Alvarado Trunk Sewer Phase IV

Built in the mid-1960s, the Alvarado Trunk Sewer is in need of replacement and upsizing to meet the demand of the area’s growing population. The existing sewer alignment is located within residential and commercial areas, as well as across highways and environmentally sensitive areas, making access for maintenance and construction difficult. Aiming to increase capacity and improve access, the City of San Diego undertook its largest trunk sewer project—an approximately $45 million initiative to upsize and relocate the sewer away from residences and businesses and minimize community impacts.

What We Did

To accommodate future peak flows of up to 25 million gallons per day (MGD), the project team evaluated alternatives to relocate the existing pipeline, which ranges between 21 and 30 inches in diameter, and designed the selected pipeline alignment that ranges between 27 and 42 inches in diameter for a length of 3.5 miles. The project also includes sliplining the existing trunk sewer along segments where existing lateral flows need to be diverted to the new trunk sewer.

Segments of the sewer will be constructed through Environmentally Sensitive Areas and within the highly congested Alvarado Road, a key access corridor to San Diego State University and the Alvarado Hospital. The project also includes nine trenchless drives, including microtunneling and jack and bore segments, to cross highways, as well as large storm drain culverts, permitting, and easement acquisitions.

Key Features

  • 3.5-mile sewer replacement upgrades 50-year-old pipeline and increases system capacity.

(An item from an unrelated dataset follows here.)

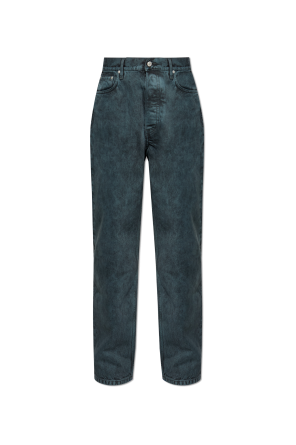 Jeans 'pine' od Dries Van Noten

  • Hydraulic analyses ensure proper functionality of pipeline realignment.

  • 1.5-mile sliplined section eliminates need for trenching to reduce construction disruption.

  • Plumbing cleanouts provide access for maintaining connecting lines.

OUTCOMES

Increased sewer system capacity improves reliability.

Easement acquisitions for up to 20 parcels.

Relocated majority of the trunk sewer to public right-of-way to minimize community impacts.

Trenchless drives designed to minimize permitting and to mitigate environmental impacts.